"Creating Your Own Command Interpreter: Main Concepts Guide: Simple Shell - Part 2"

Deeper into UNIX: Exploring the Inner Workings of UNIX with a Custom Interpreter

May 07, 2023

Welcome to Part 2 of our blog series on shells and processes! In the first part, we explored some of the fundamental concepts behind shells and processes, including how shells work, what PIDs and PPIDs are, how to manipulate the environment of the current process, and the difference between functions and system calls.

In this part of our blog series on shells and processes, we'll explore some key concepts related to processes and how they interact with the operating system.

By the end of this part, you'll have a solid understanding of how to create and manage processes in a shell environment, and how to interact with other programs using input/output redirection. So let's dive in and continue our exploration of the fascinating world of shells and processes!

How to create processes ?

Why ? : Creating new processes is an essential part of modern operating systems, and it is necessary for a wide range of tasks, such as: running multiple programs concurrently: By creating separate processes for each program, the operating system can run multiple programs at the same time, even on a single-core processor. This allows users to work on multiple tasks simultaneously without having to wait for one program to finish before starting another.

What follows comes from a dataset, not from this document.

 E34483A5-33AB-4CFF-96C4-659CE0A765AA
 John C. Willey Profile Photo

In C, you can create new processes using the fork system call, which creates a new process by duplicating the existing process. Here's an example of how to create a new process in a simple shell.

#include <stdio.h>

#include <stdlib.h>

#include <unistd.h>

int main() {

pid_t pid;

// Fork a new process

pid = fork();

if (pid < 0) {

// Error

fprintf(stderr, "Fork failed\n");

exit(1);

} else if (pid == 0) {

// Child process

printf("This is the child process\n");

exit(0);

} else {

// Parent process

printf("This is the parent process\n");

exit(0);

}

return 0;

}

In this example, the fork() system call is used to create a new process. The fork() call returns the process ID of the new child process to the parent process, and returns 0 to the child process. In this case, the parent process prints "This is the parent process", and the child process prints "This is the child process".

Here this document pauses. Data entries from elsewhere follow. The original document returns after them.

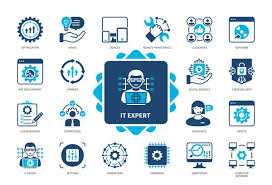 Image result for Computers Software Desktop Customization Icons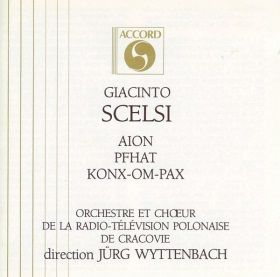 Label Accord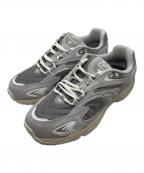NEW BALANCEニューバランス）の古着「ML725」｜グレー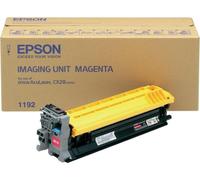 Epson S051192 - Unité d'imagerie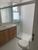 Apartamento, 3 quartos, 135 m² - Foto 19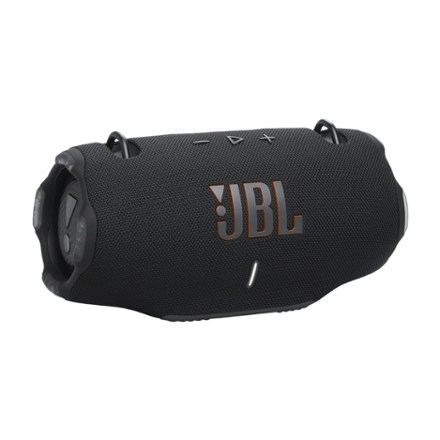 Xtreme 4 Bluetooth Speaker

note that pid_t is a data type in the C programming language that is used to represent process IDs (PIDs). It is a signed integer type and is defined in the sys/types.h header file.

FUNCTIONS TO KNOW :

getpid() is a function in the C library that returns the process ID (PID) of the calling process. It is defined in the unistd.h header file and takes no arguments. - The PID returned by getpid() is a unique identifier assigned by the operating system to each process running on a system.

Here's an example of how to use getpid():

wait() is a system call in the C library that suspends the calling process until one of its child processes terminates. It is defined in the sys/wait.h header file and takes a pointer to an integer variable that will be set to the exit status of the terminated child process.

What are the three prototypes of `main ?`

In the C programming language, the main() function is the entry point of a program. It is the first function that is executed when a program starts running. There are three valid prototypes for the main() function in C, which are:

int main(): This is the most common prototype for the main() function in C. It takes no arguments and returns an integer value to the operating system that indicates the success or failure of the program.
int main(int argc, char *argv[]): This prototype takes two arguments. The first argument, argc, is an integer that represents the number of command-line arguments passed to the program. The second argument, argv, is an array of strings that contains the command-line arguments themselves.
int main(int argc, char *argv[], char *envp[]): This prototype takes three arguments. The first two arguments are the same as in the previous prototype, but the third argument, envp, is an array of strings that contains the program's environment variables.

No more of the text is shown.